During the conference, international expert Prof. Kevin Browne from the University of Nottingham, UK and UNICEF Representative, Mr. Perks delivered key note presentations on the effects of institutional care on early child development based on global developments in neuroscience, psychology and paediatrics.

Panellists from Slovenia, Montenegro, Serbia and Georgia - countries who have successfully established sustainable community based alternatives - shared practical lessons from the region. These include efforts to prevent abandonment, establishing innovative community based services and alternative solutions for children with special attention to the needs of children with disabilities, and the resources need to sustain reforms.

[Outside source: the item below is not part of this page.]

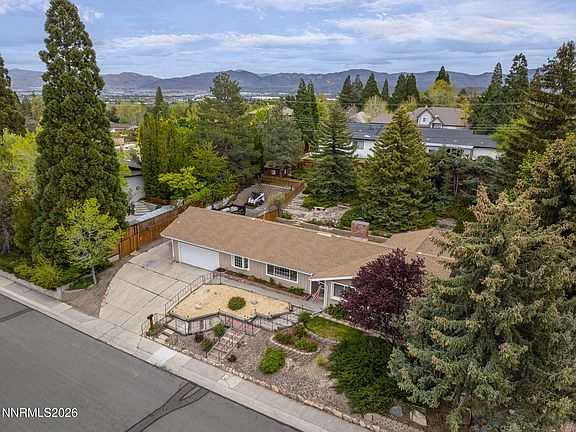 2nd image of 2680 Solari Dr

Recognising the country has a solid base to ensure the pledge becomes a reality by 2020, a panel of local stakeholders shared their perspectives on existing services and support in the country.

Guided by the principle that "Every child matters", the Government pledge includes a commitment to ensure every child in the country grows up in a safe and caring family environment by investing in prevention of abandonments and support to biological families; developing new forms of foster care and expanding the network of foster families; investment in improving the quality of alternative care through standardisation; investment in early detection and intervention of development difficulties, and investing in children themselves by increasing investment in preschool education and early childhood development.